Fin qui, dunque, l'incredibile storia di un romanziere di talento, salvato dalla stima di un autore di grande successo come Don Winslow e da un agente letterario formidabile. Ma cosa ci farà amare perdutamente The Chain, il thriller in uscita in questi giorni per Longanesi?

Anzitutto, il meccanismo terrificante alla base della storia che non rivelerò ma che intuirete immediatamente dalle prime pagine. È qualcosa di talmente perverso e inquietante da lasciare senza fiato, tanto più perché accade nella vita di una persona normale, una come tante, non un detective tutto d'un pezzo, un investigatore con un fenomenale talento per le indagini o un poliziotto tutto azione, intuizioni e muscoli. No, niente di tutto questo: Rachel Klein è una donna assolutamente normale, madre di famiglia, divorziata. E deve affrontare una situazione agghiacciante con le sue sole forze. Questa è la prima, geniale caratteristica di questo thriller straordinario. C'è poi un ritmo narrativo davvero mozzafiato, che non lascia tregua, non offre momenti di pausa. McKinty sembra avere scritto il romanzo in apnea, che è l'esatta sensazione provata dal lettore quando affronta le pagine, al punto che è stato proprio Stephen King a dire che si tratta di un romanzo: «Spaventoso, travolgente, originale!». Difficile dar torto a un maestro. La tensione non si abbassa. Mai. La scrittura di McKinty non concede nulla al virtuosismo o all'autocompiacimento, la sua prosa è limpida ed efficace ed è proprio in questa lucida essenzialità la sua grandezza. I personaggi, lungi dall'essere macchiettistici o figli di certi stereotipi, sono reali, pieni di dubbi e contraddizioni, sinceramente e profondamente umani come devono essere in un grande romanzo. Sono messi alla prova, cambiano e si adattano per sopravvivere, compiono scelte dolorose, terrificanti ma in questo sta la magia di una storia straordinaria come questa e la sua allucinante, adrenalinica bellezza. Non c'è nulla che suoni falso o artefatto, tutto è assolutamente plausibile, probabile, verosimile ed è esattamente questo a spaventarci. È nel «potrebbe capitare anche a noi» che questo romanzo non solo vince ma stravince, rivelandosi un'esperienza drammaticamente possibile anche se, ovviamente, non augurabile a nessuno ed è questo a fare davvero paura.

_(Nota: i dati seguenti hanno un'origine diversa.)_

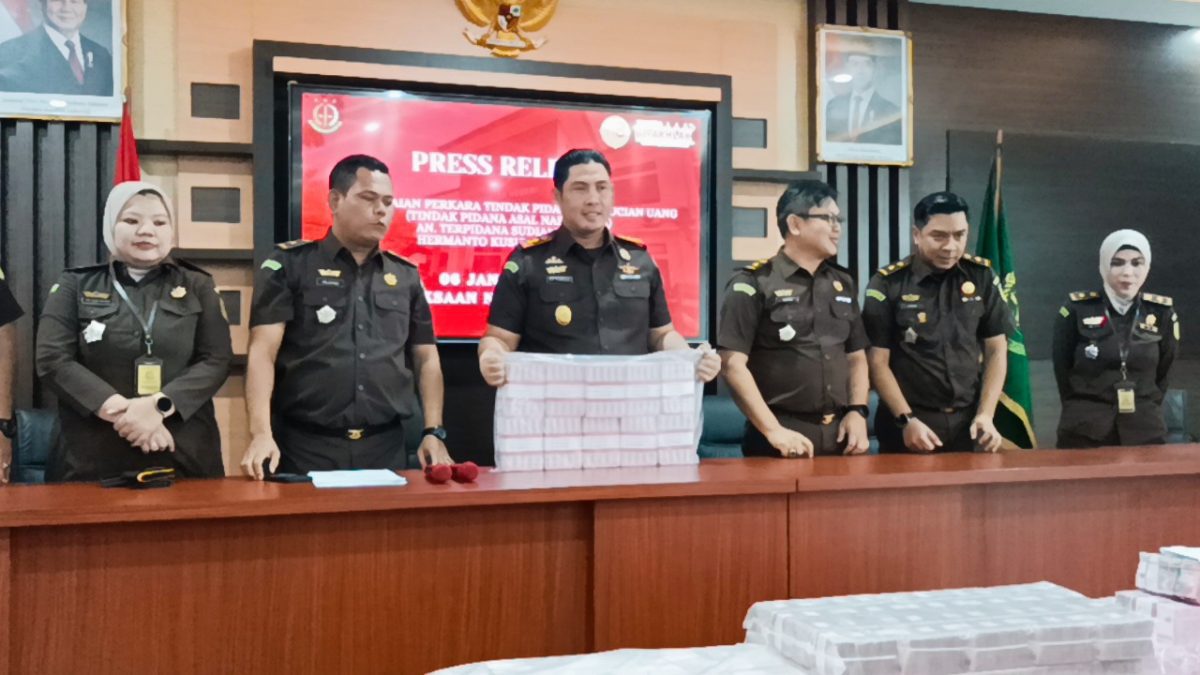 Kejari Sumedang Setorkan Uang Sitaan Hasil Tindak Pidana Pencucian Uang ke Kas Negara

In questo sta anche la forza dell'invenzione: essere riuscito a creare un meccanismo narrativo e una trama finalmente originale che si discosta in pieno da tutto quello che avete letto finora. In un certo senso McKinty ridisegna completamente i confini del thriller e lo traghetta direttamente nel terzo millennio al punto che, dopo questo romanzo, sembrano aprirsi nuove frontiere per questo tipo di letteratura, proprio come riuscì a Stephen King con capolavori come It o Cujo. In questo, credo, sta la grandezza di un romanziere: nel saper affrontare un certo tipo di letteratura per rifondarla completamente.

McKinty è da sempre un grande autore ma in questa sua storia riesce a dare il meglio di sé, come accadde in Dead I Well May Be, e forse proprio la situazione estrema nella quale si è trovato gli ha consentito di firmare la sua storia più bella e quella che lo ha consacrato a nuova star mondiale del thriller.